Multiple Detector instances using Yolo as DLL

AlexeyAB / darknet

YOLOv4 / Scaled-YOLOv4 / YOLO - Neural Networks for Object Detection (Windows and Linux version of Darknet )

http://pjreddie.com/darknet/

Other

21.75k stars 7.96k forks source link

Multiple Detector instances using Yolo as DLL #73

Closed fjoanr closed 7 years ago

fjoanr commented 7 years ago

Hello Alex,

first of all, thank you for this repository, it works wonders so far!

I would like to know how to correctly delete a Detector instance when using YOLO as a DLL in my own VS project... What I have at the moment is: Detector detector1("yolo-voc.cfg", "yolo-voc.weights"); Detector detector2("yolo-voc.cfg", "yolo-voc.weights");

... some implementation to train an external Net ...

detector1.~Detector(); detector2.~Detector();

The problem is when compiling I get an error saying that "yolo_console_dll.exe has triggered a breakpoint" captura

which is in yolo_v2_class.cpp line 78: free(detector_gpu.avg);

Do you have any idea how to destroy a Detector class variable or how could it be solved using the ~Detector() class?

thank you very much for your time,

best regards, Francesc.

AlexeyAB commented 7 years ago

@fjoanr Hi,

This is because the destructor is called twice.

If you create a Detector-object, then you should not call destructor:

Correct:

{
    Detector detector1("yolo-voc.cfg", "yolo-voc.weights");
    Detector detector2("yolo-voc.cfg", "yolo-voc.weights");
    Detector detector3("yolo-voc.cfg", "yolo-voc.weights");
} // destructor called automatically

Wrong:

{
    Detector detector1("yolo-voc.cfg", "yolo-voc.weights");
    Detector detector2("yolo-voc.cfg", "yolo-voc.weights");
    Detector detector3("yolo-voc.cfg", "yolo-voc.weights");
    detector1.~Detector();
    detector2.~Detector();
    detector3.~Detector();
} // destructor called automatically again

If you want to destroy Detector manually, then use std::shared_ptr<>

#include <memory>

{
    std::shared_ptr<Detector> detector1 = std::make_shared<Detector>("yolo-voc.cfg", "yolo-voc.weights");
    std::shared_ptr<Detector> detector2 = std::make_shared<Detector>("yolo-voc.cfg", "yolo-voc.weights");
    std::shared_ptr<Detector> detector3 = std::make_shared<Detector>("yolo-voc.cfg", "yolo-voc.weights");

    cv::Mat mat_img = cv::imread("x64/data/dog.jpg");
    std::vector<bbox_t> result_vec = detector1->detect(mat_img, 0.2);

    detector1.reset();  // destructor called manually
    detector2.reset();  // destructor called manually
    detector3.reset();  // destructor called manually
}   // If the destructor has already been called, it is no longer called, otherwise destructors called

But I also note that there is bug in Yolo - that when the detector is repeatedly created and deleted many times, a memory leak occurs.
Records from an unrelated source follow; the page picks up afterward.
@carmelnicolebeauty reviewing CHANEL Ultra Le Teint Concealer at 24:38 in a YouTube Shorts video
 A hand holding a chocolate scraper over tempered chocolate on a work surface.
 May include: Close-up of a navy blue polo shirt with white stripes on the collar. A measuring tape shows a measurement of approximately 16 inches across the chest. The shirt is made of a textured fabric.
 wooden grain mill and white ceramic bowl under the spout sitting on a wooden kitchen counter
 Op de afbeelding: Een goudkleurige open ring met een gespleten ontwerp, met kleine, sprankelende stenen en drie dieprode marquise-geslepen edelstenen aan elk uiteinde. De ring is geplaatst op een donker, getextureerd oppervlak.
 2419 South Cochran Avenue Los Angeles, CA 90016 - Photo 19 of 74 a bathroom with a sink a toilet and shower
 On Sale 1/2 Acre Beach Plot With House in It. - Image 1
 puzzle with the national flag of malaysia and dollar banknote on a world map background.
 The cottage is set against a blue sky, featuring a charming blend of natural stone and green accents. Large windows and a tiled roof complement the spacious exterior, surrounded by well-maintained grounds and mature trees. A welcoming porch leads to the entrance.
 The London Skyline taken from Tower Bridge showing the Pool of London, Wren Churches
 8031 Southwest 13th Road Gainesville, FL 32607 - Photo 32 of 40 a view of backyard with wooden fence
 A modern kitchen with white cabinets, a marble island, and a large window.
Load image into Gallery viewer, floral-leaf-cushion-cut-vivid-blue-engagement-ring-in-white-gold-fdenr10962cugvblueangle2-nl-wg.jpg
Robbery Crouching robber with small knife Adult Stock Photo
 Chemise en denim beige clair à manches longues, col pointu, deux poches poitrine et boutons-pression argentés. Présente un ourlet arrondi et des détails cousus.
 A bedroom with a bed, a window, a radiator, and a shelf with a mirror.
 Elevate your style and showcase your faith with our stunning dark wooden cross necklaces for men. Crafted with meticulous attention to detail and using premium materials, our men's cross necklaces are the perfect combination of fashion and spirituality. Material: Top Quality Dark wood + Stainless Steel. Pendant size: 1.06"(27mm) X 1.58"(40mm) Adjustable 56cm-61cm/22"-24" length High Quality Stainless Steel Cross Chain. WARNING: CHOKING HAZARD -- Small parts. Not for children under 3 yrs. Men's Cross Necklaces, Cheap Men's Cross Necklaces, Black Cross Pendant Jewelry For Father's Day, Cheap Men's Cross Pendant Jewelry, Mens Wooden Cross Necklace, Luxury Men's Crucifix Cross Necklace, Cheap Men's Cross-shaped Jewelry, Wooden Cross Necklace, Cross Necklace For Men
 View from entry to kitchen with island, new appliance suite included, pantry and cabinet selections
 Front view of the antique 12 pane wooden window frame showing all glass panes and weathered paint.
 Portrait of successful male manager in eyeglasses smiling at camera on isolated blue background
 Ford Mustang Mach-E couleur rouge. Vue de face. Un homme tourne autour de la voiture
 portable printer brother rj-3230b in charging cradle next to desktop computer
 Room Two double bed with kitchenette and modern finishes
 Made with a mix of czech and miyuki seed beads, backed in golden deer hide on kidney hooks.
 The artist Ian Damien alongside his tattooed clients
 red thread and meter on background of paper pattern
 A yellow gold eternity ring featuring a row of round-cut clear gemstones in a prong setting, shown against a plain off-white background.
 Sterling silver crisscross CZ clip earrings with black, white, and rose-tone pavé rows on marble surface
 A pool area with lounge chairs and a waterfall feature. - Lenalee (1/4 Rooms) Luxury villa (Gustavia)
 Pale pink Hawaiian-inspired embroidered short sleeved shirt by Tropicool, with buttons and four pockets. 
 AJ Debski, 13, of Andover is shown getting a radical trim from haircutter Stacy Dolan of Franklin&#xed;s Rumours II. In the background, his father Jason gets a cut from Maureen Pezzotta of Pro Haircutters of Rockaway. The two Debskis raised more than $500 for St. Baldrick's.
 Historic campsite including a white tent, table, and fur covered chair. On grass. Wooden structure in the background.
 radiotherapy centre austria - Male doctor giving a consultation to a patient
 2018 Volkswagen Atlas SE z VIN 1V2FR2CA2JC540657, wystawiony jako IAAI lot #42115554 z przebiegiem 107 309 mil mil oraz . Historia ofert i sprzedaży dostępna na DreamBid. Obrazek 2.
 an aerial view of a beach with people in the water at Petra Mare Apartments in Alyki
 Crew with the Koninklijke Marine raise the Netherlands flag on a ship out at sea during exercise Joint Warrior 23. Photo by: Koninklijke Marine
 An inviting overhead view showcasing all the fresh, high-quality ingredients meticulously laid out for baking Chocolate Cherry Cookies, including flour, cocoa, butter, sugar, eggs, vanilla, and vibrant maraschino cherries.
So far I have not done this fix.

fjoanr commented 7 years ago

Hello @AlexeyAB

Thank you for the fast response. Since my program was running out of memory I decided to compile on an individual project the 2 YOLOs plus the neural net and saved the neural network's weights and then uploaded them onto the main project. It solved the issue with multiple detectors not being able to be created and deleted.

I now have a new issue. For the correct implementation of the fusionNet, I need to remove the last layer of Yolo, so it would end with the Convolutional layer

[convolutional]
size=1
stride=1
pad=1
filters=125
activation=linear

If I run the detector(), as the functions implies, it returns a vector, however, the last convolutional layer is supposed to return a 13x13x125 feature map. Is there any way to save the feature map from the last layer? Or will I have to create an independent detector() function?

thank you again for your help, it is much appreciated.

Francesc.

AlexeyAB commented 7 years ago

@fjoanr Hi,

If you didn't remove last region-layer from the .cfg-file, then you should implement your own detect()-function.

You can get last layer layer l = net.layers[net.n - 1]; as in detect(): https://github.com/AlexeyAB/darknet/blob/master/src/yolo_v2_class.cpp#L166
And implement your own get_region_boxes(): https://github.com/AlexeyAB/darknet/blob/master/src/region_layer.c#L328


    int i,j,n;
                                     // 13*13*(20+5)*5 = 21125
    float *predictions = l.output;   // 21125 values for 13x13 WxH, 20 classes and 5 anchors

    for (i = 0; i < l.w*l.h; ++i){   // 13x13  (W x H)
        int row = i / l.w;
        int col = i % l.w;
        for(n = 0; n < l.n; ++n){    // 5  (anchors)
            int index = i*l.n + n;

            int pred_index = index * (l.classes + 5); // 13*13*5 * (20(classes) + 4(coords)+1(To))
            float val = predictions[pred_index];
            float val = predictions[pred_index + 1];
            ...
            float val = predictions[pred_index + 24];

       }
   }

AlexeyAB commented 7 years ago

@fjoanr Which of 3 fusionNet do you use? https://arxiv.org/find/all/1/all:+FusionNet/0/1/0/all/0/1

fjoanr commented 7 years ago

@AlexeyAB Thank you for the info, I will check it out today to see if I can manage it!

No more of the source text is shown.